Chevron Corp., the second-largest U.S. energy company, agreed to pay as much as $349 million to join Beach Energy Ltd. in a natural gas exploration campaign in central Australia in its first shale investment in the country.
Chevron will acquire as much as 60 percent of a permit in South Australia and 36 percent of a block in Queensland, Adelaide-based Beach said in a statement. The two blocks cover about 810,000 acres in the Cooper Basin, San Ramon, California-based Chevron said in a separate statement.

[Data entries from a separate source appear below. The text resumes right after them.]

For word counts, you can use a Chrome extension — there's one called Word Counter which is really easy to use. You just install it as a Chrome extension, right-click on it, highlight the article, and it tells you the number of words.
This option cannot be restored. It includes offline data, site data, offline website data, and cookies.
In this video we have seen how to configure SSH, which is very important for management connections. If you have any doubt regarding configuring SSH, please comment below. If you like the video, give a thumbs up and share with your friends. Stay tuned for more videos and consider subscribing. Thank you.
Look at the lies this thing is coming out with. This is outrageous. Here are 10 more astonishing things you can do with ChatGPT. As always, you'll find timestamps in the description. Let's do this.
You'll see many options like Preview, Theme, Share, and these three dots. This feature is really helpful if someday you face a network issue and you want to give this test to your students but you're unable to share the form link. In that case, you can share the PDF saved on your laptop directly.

The U.S. oil producer joins ConocoPhillips, Statoil ASA, BG Group Plc and Hess Corp. in forming shale exploration partnerships in Australia, where the government estimates there are almost 400 trillion cubic feet of potential shale gas resources. That ranks Australia sixth in the world, according to a 2011 report from the U.S. Energy Information Administration.

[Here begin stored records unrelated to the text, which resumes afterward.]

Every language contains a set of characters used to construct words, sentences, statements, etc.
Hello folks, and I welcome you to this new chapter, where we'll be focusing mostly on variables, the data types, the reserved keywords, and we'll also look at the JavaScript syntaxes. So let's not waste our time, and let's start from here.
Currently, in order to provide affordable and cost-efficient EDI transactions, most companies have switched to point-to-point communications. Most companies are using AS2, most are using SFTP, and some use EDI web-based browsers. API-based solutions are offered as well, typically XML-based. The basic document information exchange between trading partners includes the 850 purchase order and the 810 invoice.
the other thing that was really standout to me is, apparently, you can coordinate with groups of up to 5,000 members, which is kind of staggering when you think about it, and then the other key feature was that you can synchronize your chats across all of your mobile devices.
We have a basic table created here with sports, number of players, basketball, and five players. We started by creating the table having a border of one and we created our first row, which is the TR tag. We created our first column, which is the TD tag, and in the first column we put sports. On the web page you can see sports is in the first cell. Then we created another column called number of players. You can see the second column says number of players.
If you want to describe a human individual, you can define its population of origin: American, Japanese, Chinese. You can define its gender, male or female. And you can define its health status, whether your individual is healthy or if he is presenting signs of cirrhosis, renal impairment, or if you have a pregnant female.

“This agreement provides an opportunity to explore a new, prospective basin and potentially add to our natural gas portfolio,” Chevron’s Australia Managing Director Roy Krzywosinski said in the statement.
Chevron will initially pay Beach $36 million in cash and cover $95 million in costs for 30 percent of the South Australia permit and $59 million in cash for 18 percent of the Queensland acreage, according to the Beach statement. The Australian company may receive as much as $349 million over two stages that span several years, Beach said.